Migrainuers are a varied mystery to everyone in out lives, including the medical community. Our migraines differ from one another. Some symptoms of the head pain are that it is shooting through from one side to the other, only one hemisphere hurts, and one or both eyes hurt. Head pain can feel like … my head is being squeezed between two frying pans, squishing both ears; a small cannon has been shot through my temple and out the back of my head leaving a gaping, bleeding hole, but only on one side; a slow stabbing over and over going in a single quadrant; like peter rabbit is the size of a rhinoceros and is cartoon donkey kicking the top left or top right or top left rear, etc. of my head … with both feet … without ceasing; or like the ceiling is being lowered and crushing the top of my skull.

Migraines do not need to include head pain. We’re pretty sure now I was having tummy migraines from around 10 years old until 16. Then it started including head pain and nausea. Then all the fun started. I was diagnosed at 18, but I’ve had them much longer.

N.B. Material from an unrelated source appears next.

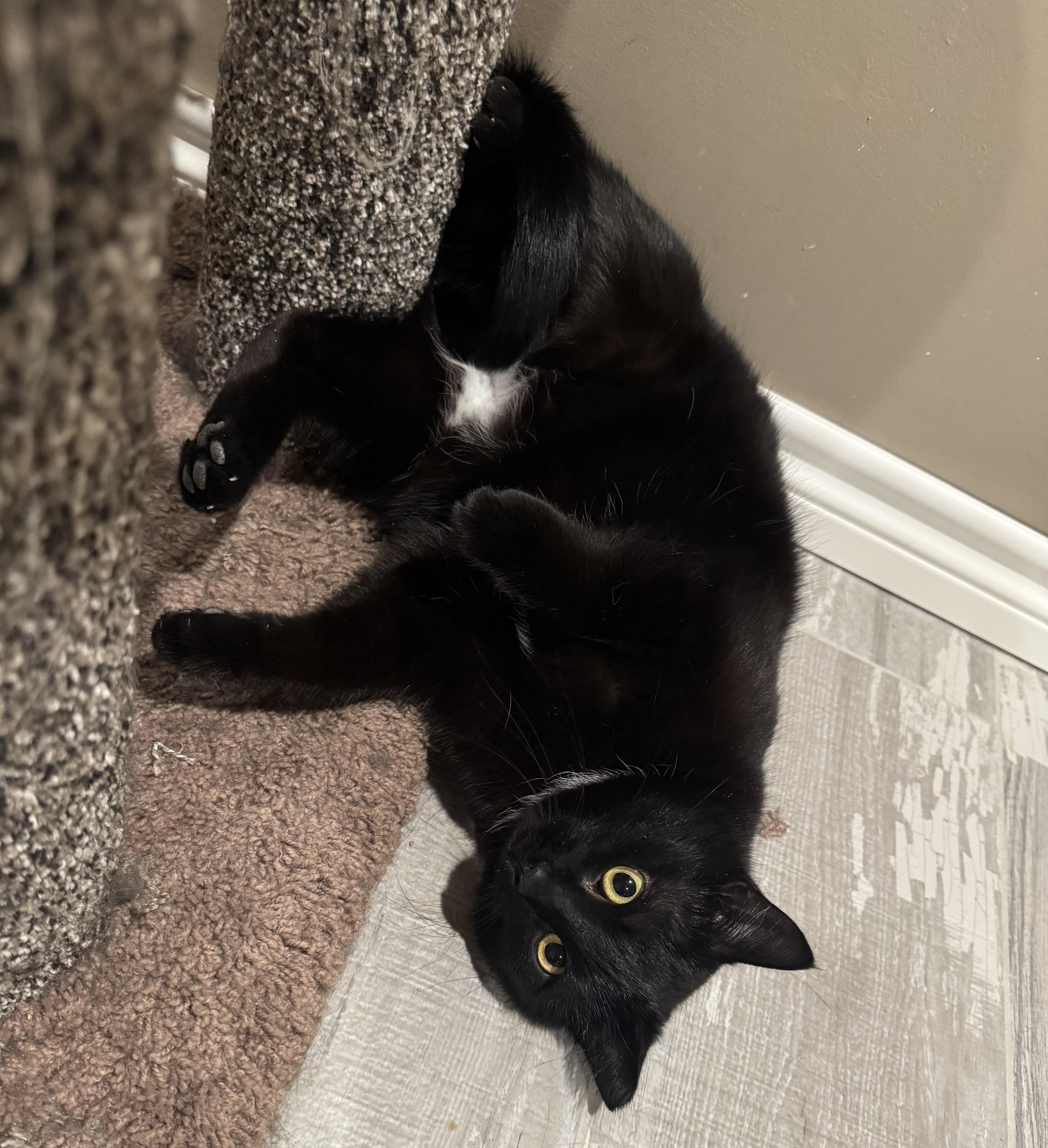 Evette (bonded with Magpie)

Our symptoms change over time and differ per person. Sometimes I won’t have the same symptoms for multiple migraines in a row. For me, nausea, head pain, and aphasia are my usual. To name a few of the other symptoms that run willy nilly: dizzy, vertigo (not the same as dizzy), fever, overactive bladder, painful joints, numbness in face or extremities, anger, the top of my head itches so that I look like a monkey with fleas, extra ringing in ears, depression, everything tastes and smells like tin, hair hurts, breathlessness on stairs or with increased activity, teeth ache, slow to think, jaw feels I’ve been in a boxing ring with a pro, smelling things that are not present, loosey goosey with the poopy, sensitivity to light, sensitivity to sound, sensitivity to smell, angry tum tum, swollen and throbbing eyes, tremors, extra stuffy nose, slow to think, and bitchiness. This is not an all inclusive list. I’m sure others who live with migraines can easily add to this list.

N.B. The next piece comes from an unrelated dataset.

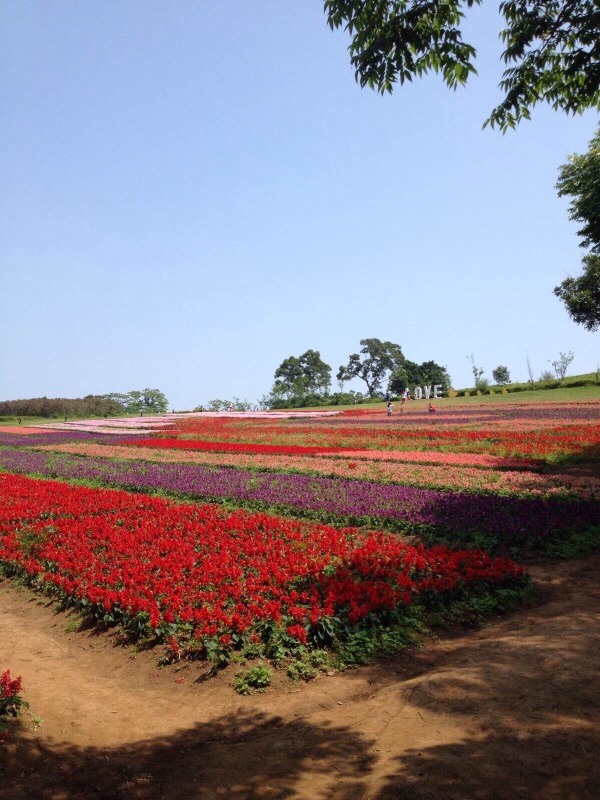 花蓮自助遊攻略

Then there’s severity. I am exceedingly fortunate that my migraines run the gamut of 0 to 10 on a scale of 10. Not having one is a zero. When I get them, I often straddle 5. If it’s 5 or less, I go to work. If it’s 6 or over, everyone is better if I stay at home because my thinker isn’t going to work much and I cannot be very productive. I hear others only ever have a 10. I am sick for them, because some of these people have those migraines nearly all the time. With a migraine of 5 or lower, I am able to use essential oils, reduced lights, and acetaminophen (generic Tylenol) as a few tools to go to work or stay at work. Or events, parties, church on Sunday. Whatever the case may be. I am not at my best, but I am not confined to bed.

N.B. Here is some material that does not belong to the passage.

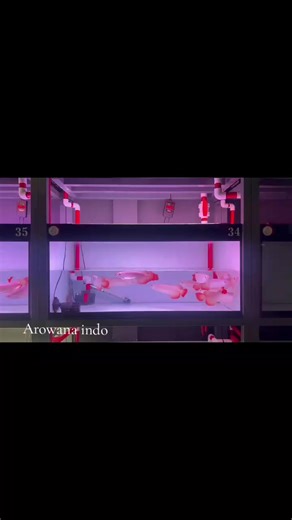 super red premium #arowana #fyppppppppppppppppppppppp #arowanamalaysia #arowanaindonesia #arowanalovers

That last one in the list of symptoms reminds me that although I do not have the traditional aura (others tell me this may include flashing lights or visual disturbance or smelling unusual things), sometimes a couple of other symptoms will show up before an explosion of severity occurs. When it comes to that last one in the list of symptoms, I never knew until my brother moved out that I was, in his words, “a bitch” the night before a migraine. He always knew when I had one, but he never said anything. I mean, who wants to use that word to describe their usually kind sister … who occasionally becomes a monster when pain is headed her way, but she doesn’t yet know about the freight train of pain moving into her personal space? He was NEVER wrong. However, had he let me know, it would have helped. I could have treated it the evening before. Now he doesn’t live here, and my mom thinks I’m usually an ornery cuss, so she can’t tell the difference.

In the last three decades I’ve tried medications in every single class of medication, acupuncture, acupressure, biofeedback, countless diets (gluten free, vegetarian, no dairy, blood type, etc.), massage, juices, vitamins, herbs, chiropractics, essential oils, and the list goes on. Acupuncture worked, but I couldn’t afford the frequency needed the first few months, and insurance doesn’t yet cover it in this country. I now have a cervical rhizotomy once-a-year, take one preventative medication daily, and one abortive as needed. This works for me. I have gone from no less than 20 days a month in migraine to typically only migraine with large temperature changes in the weather or precipitation (fog, rain, snow, etc.). This is a game changer for me. I can function most of the time!

I am so glad I did not have children. The thought of handing this off to them makes me ill. If I want children, I’d be glad to adopt, especially a child with migraines too. Although I’ve no idea how I could have cared for them, adopted or birth, much of the time. Keeping a job has been a delicate balance. Making commitments is really a guessing game, but less so having been through the flaming hoops of trial and error to learn what works for me.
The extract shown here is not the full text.